Putin hat bis zuletzt an seinen Maximalforderungen für einen Frieden festgehalten – und die sind für die Ukraine unerfüllbar. Der Kreml-Chef fordert vor allem eines: Den gesamten Donbass, also auch jene Gebiete, die derzeit noch die Ukraine hält.

Russland droht vor Treffen

Der russische Präsident erklärte zudem, alle Ziele in der Ukraine würden militärisch erreicht, sollte die Regierung in Kiew keine friedliche Lösung des Konflikts anstreben. Seine Äußerungen folgten auf einen massiven russischen Drohnen- und Raketenangriff. 

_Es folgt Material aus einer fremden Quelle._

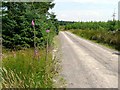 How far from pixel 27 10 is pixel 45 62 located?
37.0 feet

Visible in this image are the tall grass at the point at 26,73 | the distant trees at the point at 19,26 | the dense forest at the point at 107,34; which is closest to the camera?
the tall grass at the point at 26,73

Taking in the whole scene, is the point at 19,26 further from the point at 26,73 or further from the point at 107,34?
the point at 107,34

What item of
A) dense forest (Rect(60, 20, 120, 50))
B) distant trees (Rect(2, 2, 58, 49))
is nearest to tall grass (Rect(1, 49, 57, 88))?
distant trees (Rect(2, 2, 58, 49))

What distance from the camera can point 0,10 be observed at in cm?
1869

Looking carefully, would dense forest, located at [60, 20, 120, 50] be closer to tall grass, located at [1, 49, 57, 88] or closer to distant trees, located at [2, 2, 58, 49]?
distant trees, located at [2, 2, 58, 49]

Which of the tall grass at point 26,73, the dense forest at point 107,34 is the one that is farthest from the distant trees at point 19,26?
the tall grass at point 26,73

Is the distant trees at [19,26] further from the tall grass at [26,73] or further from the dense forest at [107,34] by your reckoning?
the tall grass at [26,73]

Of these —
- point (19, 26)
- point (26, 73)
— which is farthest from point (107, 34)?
point (26, 73)

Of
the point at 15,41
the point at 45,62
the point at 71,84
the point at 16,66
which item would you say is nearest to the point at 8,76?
the point at 16,66

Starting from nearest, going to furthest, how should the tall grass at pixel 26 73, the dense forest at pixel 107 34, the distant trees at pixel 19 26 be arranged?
the tall grass at pixel 26 73, the distant trees at pixel 19 26, the dense forest at pixel 107 34

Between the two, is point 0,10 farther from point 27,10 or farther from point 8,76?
point 8,76

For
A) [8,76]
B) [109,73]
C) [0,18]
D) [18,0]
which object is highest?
[18,0]

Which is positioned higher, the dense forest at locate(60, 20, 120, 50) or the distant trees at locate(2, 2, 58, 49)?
the distant trees at locate(2, 2, 58, 49)

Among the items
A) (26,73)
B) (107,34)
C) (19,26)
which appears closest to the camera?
(26,73) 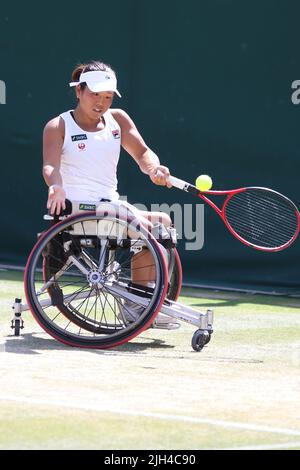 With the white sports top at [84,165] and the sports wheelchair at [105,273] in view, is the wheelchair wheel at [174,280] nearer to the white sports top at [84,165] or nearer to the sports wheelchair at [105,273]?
the sports wheelchair at [105,273]

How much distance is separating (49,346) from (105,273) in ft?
1.35

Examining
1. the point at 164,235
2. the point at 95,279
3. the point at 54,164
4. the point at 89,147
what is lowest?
the point at 95,279

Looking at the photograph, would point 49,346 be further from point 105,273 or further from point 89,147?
point 89,147

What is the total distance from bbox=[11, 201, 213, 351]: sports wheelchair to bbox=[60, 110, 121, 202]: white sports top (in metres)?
0.14

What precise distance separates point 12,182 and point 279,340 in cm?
366

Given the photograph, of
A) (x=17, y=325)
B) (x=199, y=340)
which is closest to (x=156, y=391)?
(x=199, y=340)

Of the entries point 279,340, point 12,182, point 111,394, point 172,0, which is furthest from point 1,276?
point 111,394

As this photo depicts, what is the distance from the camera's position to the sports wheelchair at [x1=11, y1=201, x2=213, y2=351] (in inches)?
212

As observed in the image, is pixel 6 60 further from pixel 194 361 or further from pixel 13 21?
pixel 194 361

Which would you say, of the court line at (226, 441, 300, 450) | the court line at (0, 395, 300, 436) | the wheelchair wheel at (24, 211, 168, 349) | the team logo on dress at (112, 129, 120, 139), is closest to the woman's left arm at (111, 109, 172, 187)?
the team logo on dress at (112, 129, 120, 139)

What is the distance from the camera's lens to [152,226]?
18.4ft

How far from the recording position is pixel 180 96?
8.44 m

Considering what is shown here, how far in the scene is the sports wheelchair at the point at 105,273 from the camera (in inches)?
212

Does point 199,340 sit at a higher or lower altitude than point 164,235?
lower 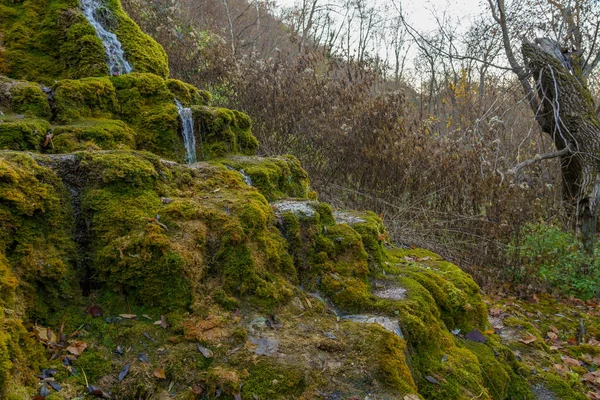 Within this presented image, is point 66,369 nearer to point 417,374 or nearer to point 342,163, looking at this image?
point 417,374

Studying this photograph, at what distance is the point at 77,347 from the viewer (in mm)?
2443

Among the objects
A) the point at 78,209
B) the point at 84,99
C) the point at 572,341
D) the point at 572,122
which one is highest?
the point at 572,122

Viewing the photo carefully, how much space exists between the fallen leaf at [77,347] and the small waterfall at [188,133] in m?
2.85

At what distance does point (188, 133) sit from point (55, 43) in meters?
2.33

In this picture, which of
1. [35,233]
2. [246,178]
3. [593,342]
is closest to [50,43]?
[246,178]

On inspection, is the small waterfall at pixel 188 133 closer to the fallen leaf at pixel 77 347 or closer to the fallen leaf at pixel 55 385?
the fallen leaf at pixel 77 347

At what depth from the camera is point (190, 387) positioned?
2.38 meters

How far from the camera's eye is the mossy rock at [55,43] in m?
5.49

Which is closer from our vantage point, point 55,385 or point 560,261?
point 55,385

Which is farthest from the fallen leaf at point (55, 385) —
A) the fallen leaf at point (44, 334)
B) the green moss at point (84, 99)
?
the green moss at point (84, 99)

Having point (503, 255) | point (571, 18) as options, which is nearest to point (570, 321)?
point (503, 255)

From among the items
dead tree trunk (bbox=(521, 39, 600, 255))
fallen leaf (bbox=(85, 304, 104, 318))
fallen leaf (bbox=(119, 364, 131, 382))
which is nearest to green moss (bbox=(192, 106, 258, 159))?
fallen leaf (bbox=(85, 304, 104, 318))

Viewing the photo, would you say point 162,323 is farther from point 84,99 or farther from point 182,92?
point 182,92

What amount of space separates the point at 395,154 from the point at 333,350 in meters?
5.50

Am Sonntag meldete das Verteidigungsministerium in Moskau die Einnahme von weiteren Ortschaften in den Regionen Donezk und Saporischschja.

Kiew strebe eine stärkere Position an, um eine Verschleppung des Krieges durch Russland zu verhindern, teilte Selenskij ⁠auf dem Kurznachrichtendienst Telegram mit. Er habe bereits mit mehreren Partnern der Ukraine gesprochen, um die Prioritäten auf diplomatischem Wege abzustimmen. "Morgen, nach dem Treffen mit Präsident Trump, werden wir die Gespräche fortsetzen", heißt es in dem Beitrag.